Der Hype kannte zu Beginn kaum Grenzen. Die Bestnote von 1,0 beim Fußballlehrer tat dazu ihr Übriges, der Klassenerhalt mit Erzgebirge Aue brachte ihn in die Bundesliga zu Schalke 04. Die vermeintliche Erfolgsgeschichte in Gelsenkirchen endete im zweiten Jahr schleichend. Tedesco schaffte es nicht mehr, dass sich das zusammengewürfelte Team für seine ausgeklügelten Matchpläne zerriss. Vorbei war die Zeit in der Bundesliga für den so hochgelobten Ausnahmetrainer.
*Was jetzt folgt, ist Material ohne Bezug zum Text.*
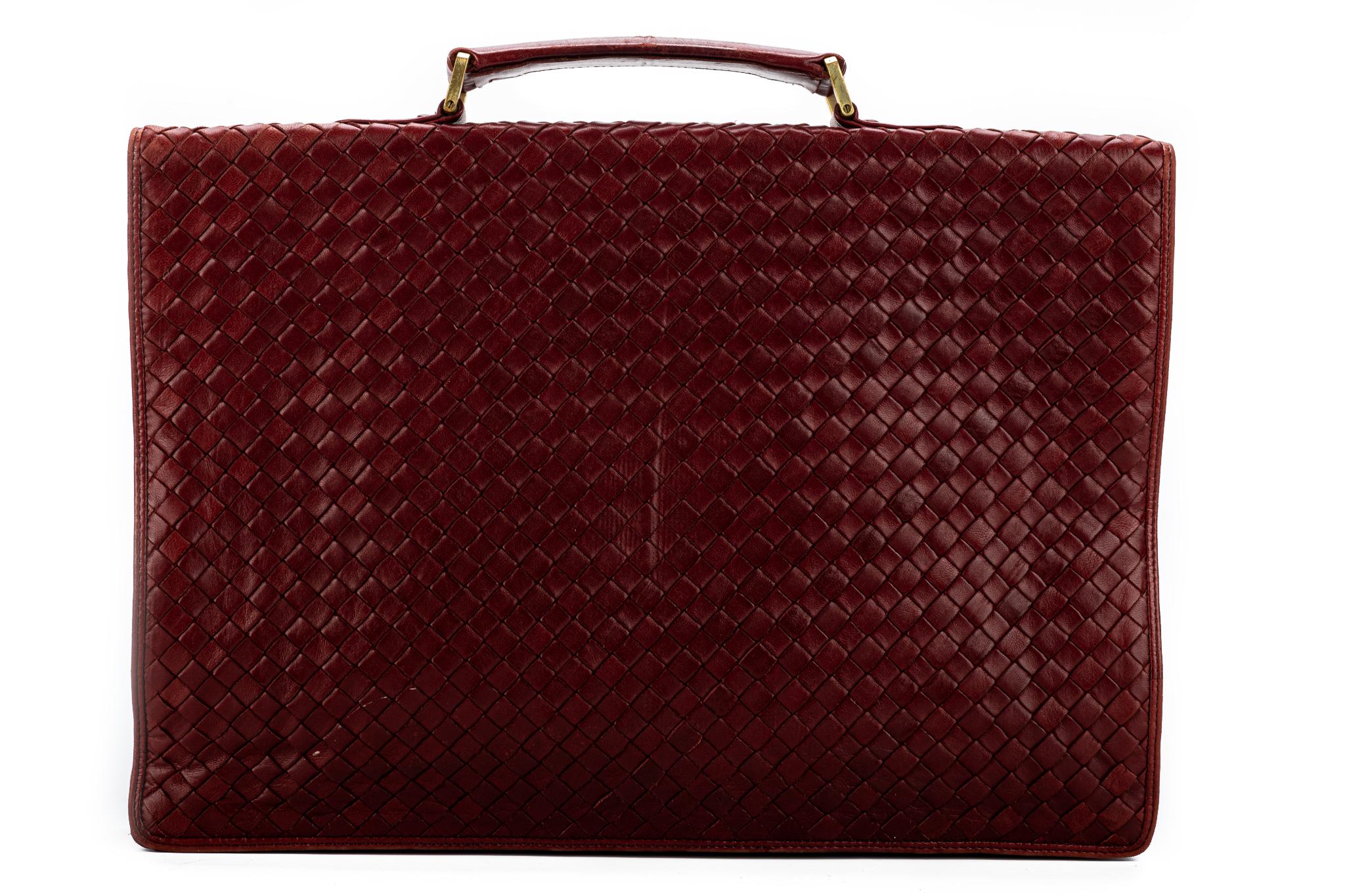 Used Briefcase NO brand shown,18x13x4.5 Leather in&out dark Burgundy w/warra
Vertrauen in junge Trainer ein Risiko?
Einer, der den Stein eigentlich komplett ins Rollen gebracht hat, war Dieter Hecking, der nach seinem Ende bei Mönchengladbach die Entwicklung der Trainerpolitik infrage stellte. Nur um Wochen später beim HSV anzuheuern – dem Schleudersitz im deutschen Profifußball. Hecking bekam für seine Kritik mehr Zuspruch als Gegenstimmen, die gab es aber auch. Christoph Metzelder stellte sich dagegen und merkte an, dass es „zu diesem Job dazugehöre" und die Trainer oft genug davon profitieren, wenn ein anderer gehen muss. Vereinsverantwortliche weisen nicht zu Unrecht darauf hin, dass auch manche Trainer die Clubs im Stich lassen und wechseln, wenn ein attraktives Angebot lockt. Dass in ihren hochdotierten Verträgen zudem reichlich Schmerzensgeld inbegriffen sei. Und wenn Hecking so auf Kontinuität setzten will – warum dann der HSV? Wie so vieles im deutschen Fußball, hat auch diese Diskussion zwei Seiten. Wahrscheinlich würde Respekt vor Verträgen beiden Seiten guttun. Sowohl den Trainern als auch den Vereinen. Und als ob es noch eines finalen Beispiels für die Hektik des Geschäfts bedurfte, wechselte auch André Schubert noch schnell den Job. In einer spektakulären Aufholjagd rettete der 47-Jährige Eintracht Braunschweig vor dem Abstieg aus der Dritten Liga. Noch am 7. Juni gab es ein mediales Bekenntnis: „Schubert bleibt den Löwen treu", jubelten regionale Blätter. Ein Abschied aus Braunschweig sei kein Thema für ihn, erklärte Schubert selbst. Er sei in alle Transferaktivitäten eingebunden. Gut eine Woche später war alles Makulatur. Schubert heuerte beim Zweitligisten Holstein Kiel an. Die Möglichkeit habe sich ganz kurzfristig ergeben, erklärte der Trainer. Gelogen habe er nicht. Ob man’s glauben darf?